OMG he does look rather regal in his "pink" chair.....but he cant see the color so that doesnt count right :wink:


----------



## nabi (Nov 25, 2004)

He looks so comfy...such a cute little fellow.


----------



## janiebabes (Mar 30, 2004)

how cute......


----------



## Rachael Polachek (Feb 19, 2005)

OMG, could he possibly be any cuter! :lol: I like how he's got one paw resting on the arm of the chair in the first pic, like he's having a conversation. :lol: 

It's so nice that he's in touch with his feminine side. :lol:


----------



## ilovesadie (Jun 1, 2004)

OMG that is TOO CUTE!!!!!! I love it! He looks so relaxed with one paw on the armrest. All he needs is a beer! ccasion5:


----------



## chimom (Apr 1, 2005)

Those pics are priceless!!  

So who cares it's pink?

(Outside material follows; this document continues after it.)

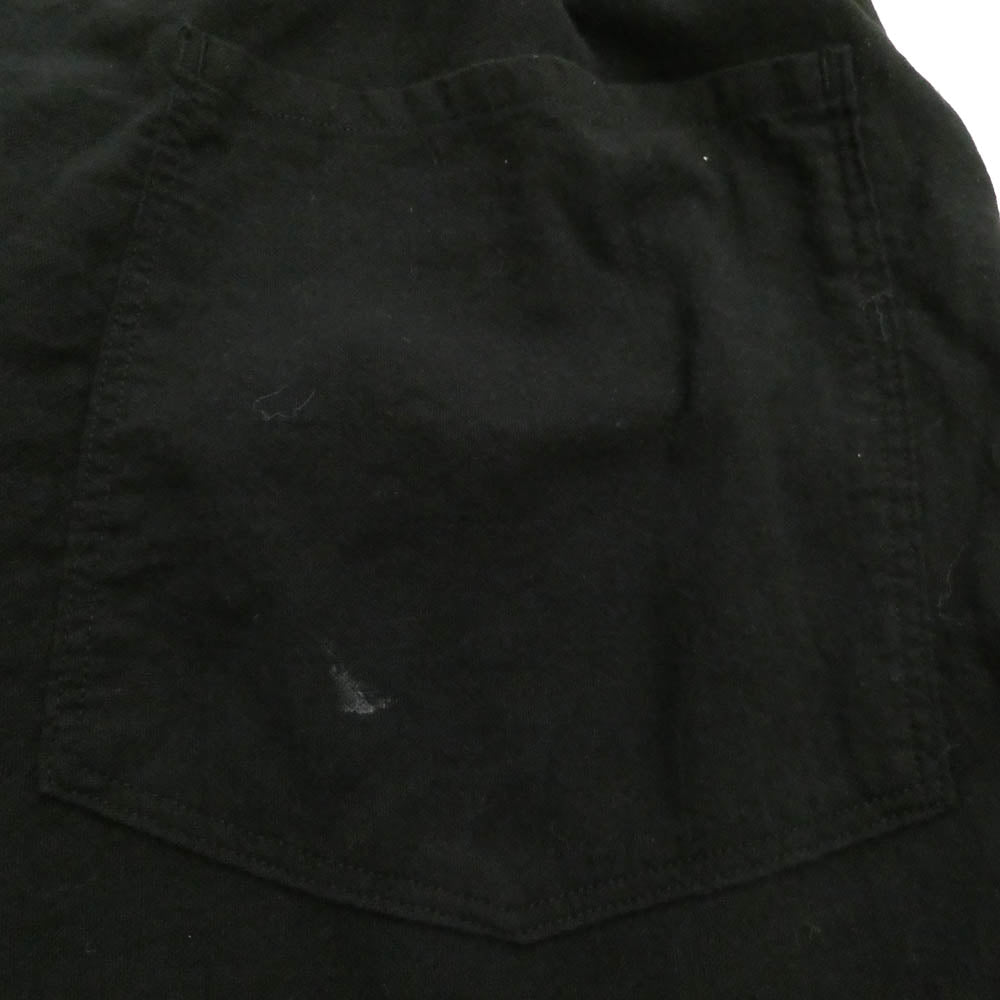 COMOLI コモリ 25SS B01-03010 オックスドローストリングパンツ ブラック系 3【中古】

Cooper looks like a king on his throne. :lol:


----------



## Vanessa (May 16, 2005)

Only real men can pull off pink.. just look how cool he looks 8)


----------



## MyOwen (Mar 15, 2005)

Cooper looks like a KING in the first pic


----------



## MYCHIBABY (Apr 26, 2005)

What a guy.........he's adorable in his little pink chair.


----------



## luvmydogs (May 13, 2005)

Cooper looks very distinguished in his pink chair. I love it. What a handsome boy.

Leslie


----------



## xfayex (Apr 4, 2005)

ahhh so cute and snuggly!


----------



## kiwi love (Jun 30, 2004)

He looks so handsome in his chair.


----------



## fizzy n kirbys mum (Jan 17, 2005)

oh I love Cooper


----------



## SnickersMom (Feb 4, 2005)

Thats cute.

I don't think he cares that it's pink!


----------



## mychisangel (May 6, 2005)

Gorgeous pics and he looks so comfy. Lovely looking boy.


----------



## CooperChi (Dec 16, 2004)

Thanks everyone!!! I guess the pink sort of suits Cooper, sometimes I think he's a little feminine! heheh. :wink: :lol:


----------



## Seiah Bobo (Mar 31, 2005)

That first one is perfect, with his little paw on the armrest :lol: :lol: .


----------